The 6in (15cm) high, 19.5oz teapot by Aberdeen smith George Cooper, with acanthus hinge and cone finial and ivory insulators to the scroll handle more than doubled top hopes at £3200.
The candlesticks, 9in (22.5cm) tall, weighing 36.5oz, were typical Cafe works with hexagonal cast shell bases and baluster knopped stems. They doubled the mid-estimate at £3000.
The Oriental teapot was simply described as an Asian silver and niello worked pedestal teapot and cover, late 19th century, 10in (26cm) tall and estimated at £100-300.
However, it caught at last two bidders’ eyes and sold at £7500.
“We believe now they were Thailand pieces – that is where the pre-sale interest came from,” said Guy Schooling of Sworders. “However, they eventually sold online to a Continental buyer against a Thailand underbidder.”
The reaction to the best piece of silver, a pair of London 1824 five-light candelabra was more expected – not least because it bore a royal coat of arms.

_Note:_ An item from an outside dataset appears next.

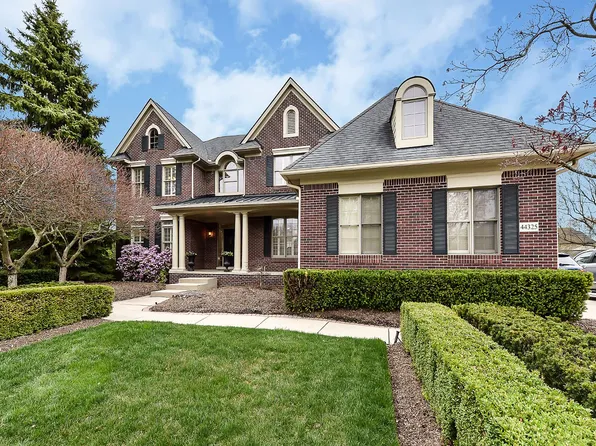 44325 Cypress Point Dr, Northville, MI 48168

To which of George IV’s five brothers the arms belonged is hard to define because the silversmiths, Charles and John Fry II, apparently neglected to include the identifying cadency mark.
Nevertheless, the 2ft 6in (76cm) high candelabra, richly cast and chased with rocaille and floral ornament, were of outstanding quality and, against a £15,000-20,000 estimate, sold to the London trade at £37,000.
A more humble metal provided a greater surprise.
Brass was where the big money was, at least in the case of an 8¼in (21cm) diameter alms dish offered with a 6in (15cm) table bell-cum-candlestick. Both were listed as probably 17th century and the lot was pitched at £100-300.
“The candlestick bell was what bidders wanted,” said Schooling after the lot sold at £6200 to a specialist UK dealer, who said it dated from c.1640.